32. For completeness, we now reproduce Section 92(dddd) of the MMC Act as introduced by the amendment: “(dddd) All leases granted by the corporation of the immovable properties belonging to the 3 supra corporation for whatever term shall be subject to the following conditions in addition to the conditions stipulated in the Lease-deed or Lease-agreement executed by the corporation, namely:—
(i) Leasehold rights in respect of the properties belonging to the corporation and given on lease may be further assigned or transferred only with the prior permission of the Commissioner, on payment of such premium on account of unearned income and transfer fees or charges at such rates as may be specified by the corporation, from time to time.
(ii) In the case of any contravention of the provisions of sub-clause (i), the lessee or transferor of such leasehold rights, shall be liable to pay penalty in addition to such premium and transfer fees or charges, at such rates as may be specified by the corporation, from time to time.” (Emphasis added)
33. There is now really no controversy about the application of this Section, nor is there any challenge to it in the Writ Petition itself.

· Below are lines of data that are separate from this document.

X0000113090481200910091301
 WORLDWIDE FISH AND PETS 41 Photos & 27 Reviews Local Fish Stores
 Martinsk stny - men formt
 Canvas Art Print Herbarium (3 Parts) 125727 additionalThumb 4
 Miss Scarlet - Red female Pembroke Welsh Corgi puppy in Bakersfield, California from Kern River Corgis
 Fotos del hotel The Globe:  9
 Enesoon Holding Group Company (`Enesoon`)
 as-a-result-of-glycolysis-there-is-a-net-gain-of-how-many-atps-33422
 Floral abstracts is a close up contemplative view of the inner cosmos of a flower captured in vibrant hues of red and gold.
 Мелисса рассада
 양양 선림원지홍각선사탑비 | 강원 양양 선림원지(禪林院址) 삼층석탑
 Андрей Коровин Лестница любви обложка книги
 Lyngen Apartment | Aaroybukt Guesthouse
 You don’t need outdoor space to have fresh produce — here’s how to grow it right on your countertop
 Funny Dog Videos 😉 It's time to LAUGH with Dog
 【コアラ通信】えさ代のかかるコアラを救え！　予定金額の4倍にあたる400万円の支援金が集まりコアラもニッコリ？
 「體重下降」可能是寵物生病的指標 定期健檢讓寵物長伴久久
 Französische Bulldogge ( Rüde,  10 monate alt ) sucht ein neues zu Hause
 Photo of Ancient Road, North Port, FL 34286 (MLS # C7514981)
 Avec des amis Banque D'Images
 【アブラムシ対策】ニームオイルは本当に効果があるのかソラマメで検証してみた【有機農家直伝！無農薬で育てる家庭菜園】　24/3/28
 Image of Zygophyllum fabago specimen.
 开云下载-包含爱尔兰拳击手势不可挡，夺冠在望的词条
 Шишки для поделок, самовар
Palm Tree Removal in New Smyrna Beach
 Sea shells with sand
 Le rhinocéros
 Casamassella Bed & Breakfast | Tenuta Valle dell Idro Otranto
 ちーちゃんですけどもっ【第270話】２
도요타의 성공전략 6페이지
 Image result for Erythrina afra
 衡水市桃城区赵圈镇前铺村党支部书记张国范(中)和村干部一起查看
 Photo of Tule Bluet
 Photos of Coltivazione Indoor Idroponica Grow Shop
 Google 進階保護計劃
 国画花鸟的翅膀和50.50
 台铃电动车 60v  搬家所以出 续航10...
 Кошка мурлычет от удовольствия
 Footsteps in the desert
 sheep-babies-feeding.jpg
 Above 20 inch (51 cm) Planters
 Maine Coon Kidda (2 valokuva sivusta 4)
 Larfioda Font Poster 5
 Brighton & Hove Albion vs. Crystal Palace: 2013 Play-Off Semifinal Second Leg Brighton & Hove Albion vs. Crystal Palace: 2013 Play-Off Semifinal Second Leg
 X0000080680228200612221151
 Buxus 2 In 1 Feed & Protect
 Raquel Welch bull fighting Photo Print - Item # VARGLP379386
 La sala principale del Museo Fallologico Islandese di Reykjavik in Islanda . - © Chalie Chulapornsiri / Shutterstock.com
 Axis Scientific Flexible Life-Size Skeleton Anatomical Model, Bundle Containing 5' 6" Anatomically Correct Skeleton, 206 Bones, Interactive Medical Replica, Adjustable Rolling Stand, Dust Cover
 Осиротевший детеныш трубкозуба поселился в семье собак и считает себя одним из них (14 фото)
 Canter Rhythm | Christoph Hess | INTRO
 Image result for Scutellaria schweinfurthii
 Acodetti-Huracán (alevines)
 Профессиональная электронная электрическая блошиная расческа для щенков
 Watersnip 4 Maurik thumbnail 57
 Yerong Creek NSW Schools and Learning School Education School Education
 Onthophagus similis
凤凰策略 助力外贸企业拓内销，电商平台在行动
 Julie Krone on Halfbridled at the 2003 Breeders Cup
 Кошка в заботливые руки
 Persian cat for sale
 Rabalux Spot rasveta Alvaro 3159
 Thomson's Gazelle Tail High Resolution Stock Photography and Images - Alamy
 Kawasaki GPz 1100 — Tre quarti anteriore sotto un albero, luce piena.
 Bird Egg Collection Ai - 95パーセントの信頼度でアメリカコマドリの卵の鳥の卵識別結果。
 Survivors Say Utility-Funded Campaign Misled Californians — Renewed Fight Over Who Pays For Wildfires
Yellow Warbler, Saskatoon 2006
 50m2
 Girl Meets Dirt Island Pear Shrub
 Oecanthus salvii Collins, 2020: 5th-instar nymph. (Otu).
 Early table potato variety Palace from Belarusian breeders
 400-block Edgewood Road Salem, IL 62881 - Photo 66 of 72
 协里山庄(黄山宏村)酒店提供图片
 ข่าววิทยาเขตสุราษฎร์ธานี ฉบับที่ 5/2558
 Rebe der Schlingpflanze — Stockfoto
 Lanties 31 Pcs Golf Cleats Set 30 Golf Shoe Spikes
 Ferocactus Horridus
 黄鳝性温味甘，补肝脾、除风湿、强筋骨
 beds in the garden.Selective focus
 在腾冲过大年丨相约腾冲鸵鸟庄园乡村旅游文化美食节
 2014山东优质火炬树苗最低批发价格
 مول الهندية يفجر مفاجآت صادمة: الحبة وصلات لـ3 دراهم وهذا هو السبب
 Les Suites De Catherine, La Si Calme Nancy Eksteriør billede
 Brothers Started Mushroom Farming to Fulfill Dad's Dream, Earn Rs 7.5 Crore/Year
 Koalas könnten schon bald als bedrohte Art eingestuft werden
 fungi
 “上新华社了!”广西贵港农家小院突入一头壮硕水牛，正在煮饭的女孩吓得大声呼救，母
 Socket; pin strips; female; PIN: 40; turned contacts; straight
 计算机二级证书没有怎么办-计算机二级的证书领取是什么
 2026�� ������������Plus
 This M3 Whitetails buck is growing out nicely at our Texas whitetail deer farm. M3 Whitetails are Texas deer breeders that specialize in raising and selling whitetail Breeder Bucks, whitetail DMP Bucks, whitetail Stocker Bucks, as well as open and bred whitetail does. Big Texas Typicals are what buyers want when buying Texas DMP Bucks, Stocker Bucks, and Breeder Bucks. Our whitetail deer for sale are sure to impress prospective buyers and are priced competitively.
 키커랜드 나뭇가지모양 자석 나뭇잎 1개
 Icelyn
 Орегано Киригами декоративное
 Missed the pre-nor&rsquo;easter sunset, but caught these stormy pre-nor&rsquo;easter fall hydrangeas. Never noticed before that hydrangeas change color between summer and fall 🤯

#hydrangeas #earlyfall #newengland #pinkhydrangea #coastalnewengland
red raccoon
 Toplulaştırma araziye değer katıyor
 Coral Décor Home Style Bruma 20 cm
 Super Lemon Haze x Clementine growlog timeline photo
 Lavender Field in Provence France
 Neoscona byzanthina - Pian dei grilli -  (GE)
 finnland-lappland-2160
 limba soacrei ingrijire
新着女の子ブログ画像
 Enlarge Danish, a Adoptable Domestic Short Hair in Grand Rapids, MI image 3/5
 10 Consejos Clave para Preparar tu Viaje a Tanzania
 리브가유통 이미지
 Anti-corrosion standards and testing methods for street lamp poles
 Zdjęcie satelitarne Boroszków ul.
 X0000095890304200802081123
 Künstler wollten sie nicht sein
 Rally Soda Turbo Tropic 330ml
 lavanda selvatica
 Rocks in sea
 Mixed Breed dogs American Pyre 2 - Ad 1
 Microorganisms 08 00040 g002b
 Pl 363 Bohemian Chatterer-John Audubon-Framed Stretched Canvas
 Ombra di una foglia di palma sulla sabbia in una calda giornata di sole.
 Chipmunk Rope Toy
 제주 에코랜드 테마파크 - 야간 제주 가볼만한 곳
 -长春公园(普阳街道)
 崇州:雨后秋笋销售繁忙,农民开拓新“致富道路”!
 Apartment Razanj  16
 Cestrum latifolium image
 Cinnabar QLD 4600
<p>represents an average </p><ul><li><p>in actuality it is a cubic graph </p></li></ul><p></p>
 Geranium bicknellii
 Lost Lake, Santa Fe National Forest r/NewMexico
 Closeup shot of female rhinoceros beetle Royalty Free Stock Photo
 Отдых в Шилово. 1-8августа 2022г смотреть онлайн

It is not Mr Jagtiani’s case that the Section is ultra vires or otherwise illegal and that no demand can ever be raised under it.
34. His reliance is, however, is founded entirely on a reading of Section 47 of the Registration Act, 1908. Now to understand this in context, we must appreciate that Section 47 falls in Part X of the Registration Act. This Part deals with the effects of registration and non-registration. Four sections are in this part, i.e., Sections 47 to 50. Obviously, any statute will have to be read contextually, and, as necessary, with other relevant sections when referenced.
35. Section 47 on its own reads as follows: “47. Time from which registered document operates— A registered document shall operate from the time from which it would have commenced to operate if no registration thereof has been required or made, and not from the time of its registration.” (Emphasis added)
36. We will pass over Section 48 for the present and set out for our purposes Section 49 which reads thus: “49. Effect of non-registration of documents required to be registered.—No document required by section 17 or by any provision of the Transfer of Property Act, 1882 to be registered shall— (a) affect any immovable property comprised therein, or (b) confer any power to adopt, or
(c) be received as evidence of any transaction affecting such property or conferring such power, unless it has been registered; Provided that an unregistered document affecting immovable property and required by this Act or the Transfer of Property Act, 1882, to be registered may be received as evidence of a contract in a suit for specific performance under Chapter II of the Specific Relief Act, 1877, or as evidence of any collateral transaction not required to be effected by registered instrument.”
37. Section 50 then says: “50. Certain registered documents relating to land to take effect against unregistered documents— (1) Every document of the kinds mentioned in clauses (a),(b), (c) and (d) of section 17, sub-section (1) and clauses (a) and (b) of section 18, shall, if duly registered, take effect as regards the property comprised therein, against every unregistered document relating to the same property, and not being a decree or order, whether such unregistered document be of the same nature as the registered document or not. (2) Nothing in sub-section (1) applies to leases exempted under the proviso to subsection (1) of section 17 or to any document mentioned in sub-section (2) of the same section or to any registered document which had not priority under the law in force at the commencement of this Act.”
38. Sections 47 and 50 make reference either by necessary implication or, in Section 50, explicitly, to Section 17 of the Registration Act. This falls in Part III of the Registration Act. That part deals with documents that are registrable, and Section 17 deals with documents of which registration is compulsory.
39. Section 17 will have to be read with Part X because this tells us what documents must be registered (Section 17, Part III) and, if not, the consequence of non-registration, or, if registered, the consequences of such registration (Part X).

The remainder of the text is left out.